According to stakeholders’ perceptions, forest fire discourses in “journals” in most cases were only suitable for scientific consumption, but had a large gap with the policy makers as well as public concerns. Scientists could influence policy-making, if they made communication with the public, because basically politic is a communication activity among people. Accordingly, stakeholders perceived that instead of writing scientific articles in the journals, “scientists” played very important roles in influencing policy-making process through “policy presentations”, i.e. news media articles, dialogues, conferences, meetings, and public hearings, so called “issue advocate”. Beside those ways, “scientists” also influenced policy-making by giving “direct advisories” to decision makers. These roles could be played by “scientist arbiters” and “honest broker scientists”. These arguments were in line with the perceptions of the interviewed stakeholders.

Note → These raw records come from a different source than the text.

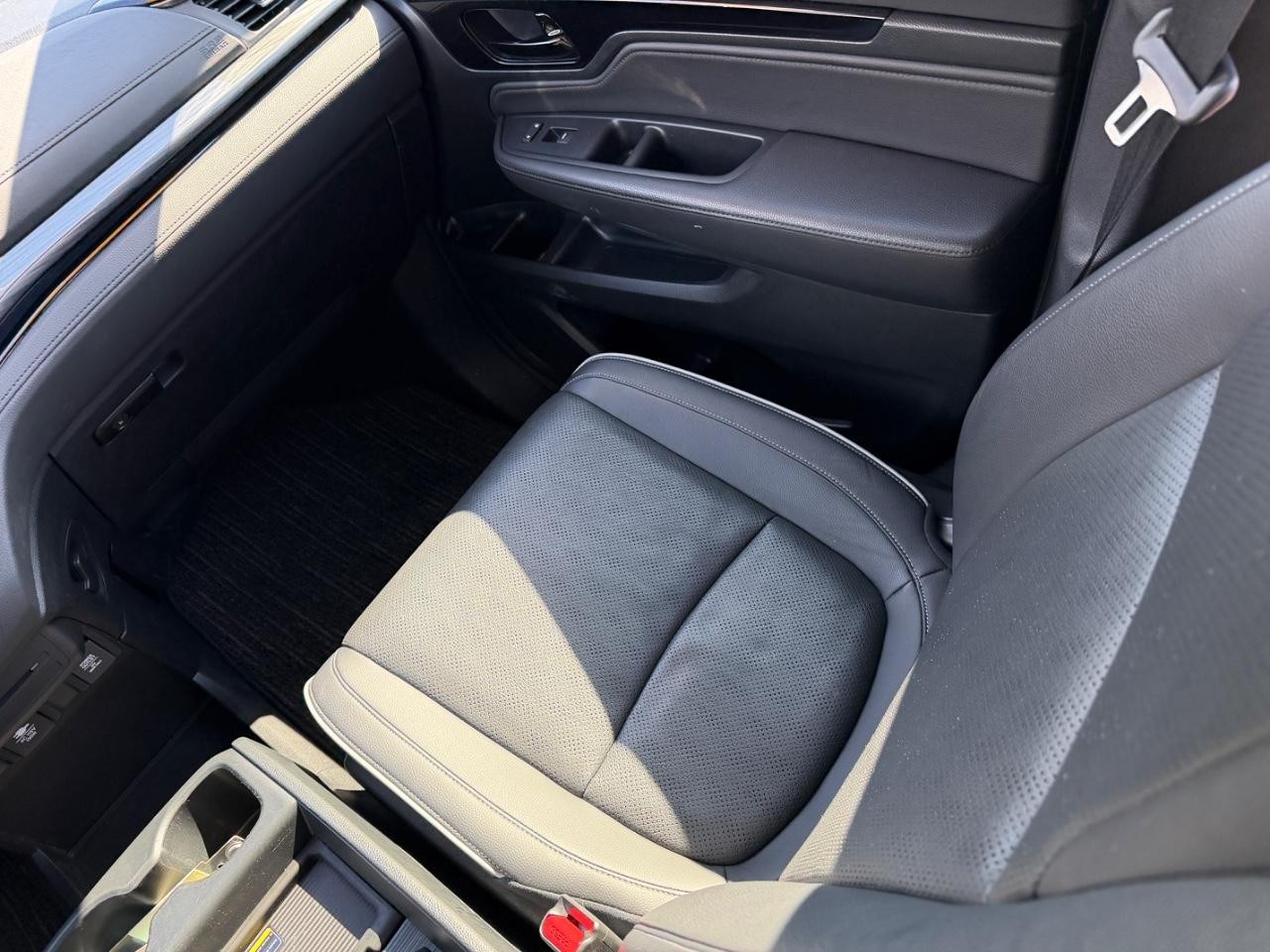 Honda Odyssey Vehicle Full-screen Gallery Image 14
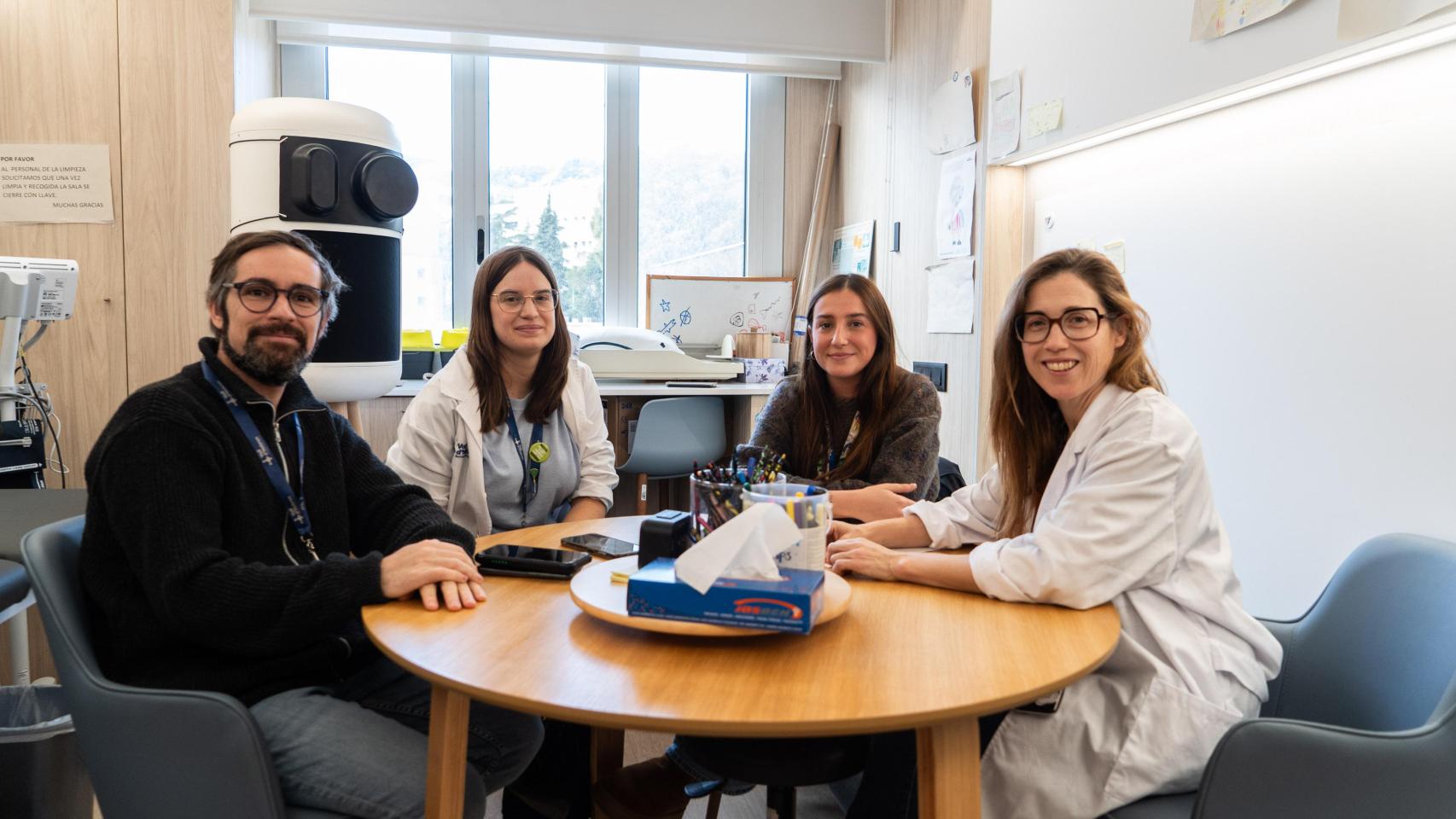 El equipo de la Unidad de Atención Paliativa Pediátrica, de izq. a dcha., Magi Eladi Baños Gala, trabajador social, Merce Ferrerons Sánchez, enfermera, Laura Ramón Calvo, psicóloga, y Laura Gil Juanmiquel, pediatra.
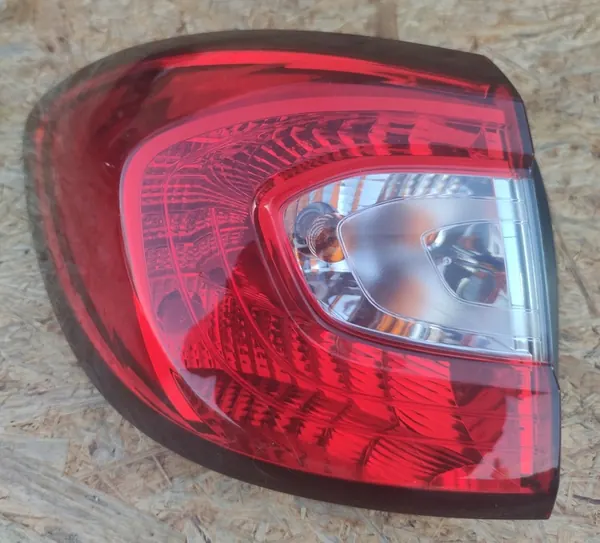 Luz trasera izquierda Renault Captur image 2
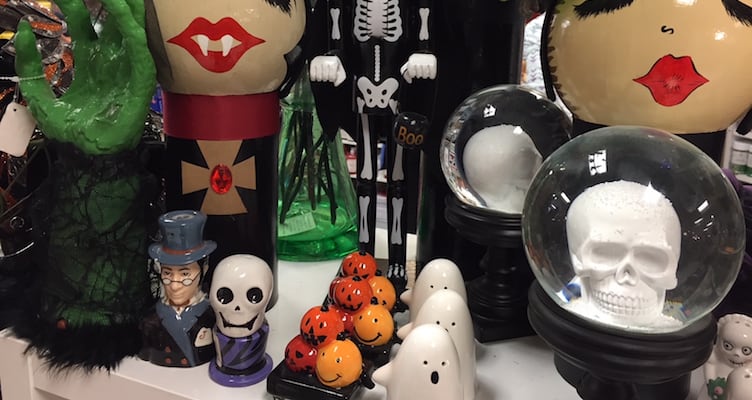 Uncovering Boulder's Spookiest Halloween Costume Shopping Destinations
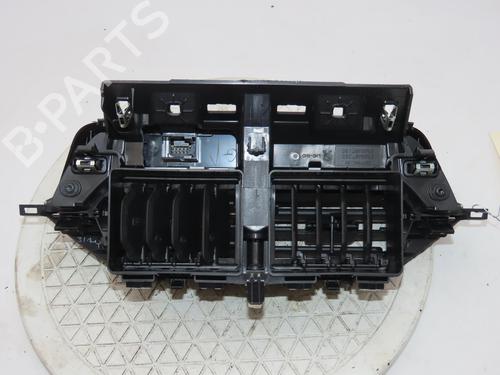 Advarselsbryter PEUGEOT 2008 II (UD_, US_, UY_, UJ_, UR_, UC_) 1.2 PureTech 130 (USHNS, URHNS) (130 hp) 26196165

Finally, the study identified some asymmetrical perspectives concerning forest fire issues in media discourses and stakeholders’ perceptions. Several asymmetrical perspectives were concluded. This study pointed out that stakeholders perceived that forest fire were mostly caused “intentionally”, for instance, fire setting for preparing plantation and shifting cultivation, or slash and burn agriculture. In contrast to stakeholders’ perceptions, many causes of forest fire according to global media discourses were identified as “accidental”, due to natural factors such as long drought period or natural burning coal under peat surfaces. Although both media and stakeholders pointed “praxis” as the most important solution in addressing forest fire, they emphasized different matters. Stakeholders emphasized application of “zero burning” in land clearing activities and involvement of forest communities in forest management as the most effective solution to prevent and combat forest fire. Global news media, however, pointed to direct efforts to address forest fires, such as extinguishing fires with water shooters or spraying water by using airplanes as the most frequent solutions. Meanwhile, scientific journals usually emphasized on preventive efforts as solutions, e.g. implementation of better silvicultural techniques or appropriate harvesting system that can prevent fires.

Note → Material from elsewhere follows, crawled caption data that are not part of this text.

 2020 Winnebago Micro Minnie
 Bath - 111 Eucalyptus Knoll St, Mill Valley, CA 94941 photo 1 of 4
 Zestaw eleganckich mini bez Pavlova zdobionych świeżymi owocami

There were some asymmetrical perspectives between stakeholders’ perceptions and media discourses in defining the problem of forest fires. Stakeholders perceived that forest fires were closely related to “economic problems”, but media usually discussed forest fires on the perspective of “ecological concerns”. Measuring the asymmetrical perspective of media and stakeholders is primarily important because basically media could play important role in directing opinions of the society as well as influencing policymaking processes. The role of media in driving public opinion was strongly determined by the perspectives of media related to individual behaviours, aspirations, expectations, and fears of people. Therefore, understanding asymmetrical perspectives between media and stakeholders is needed to measure the potential influence of media in directing public opinion as well as policy-making processes. The role of media to influence policy-making depends on the similarities of media perspectives and stakeholder perceptions. In the forest fire discourse, it could be concluded that the higher the asymmetrical perspectives between media and stakeholders in certain matters e.g. causes or solutions of problem; the lower the role of media to influence policy-making processes related to those matters.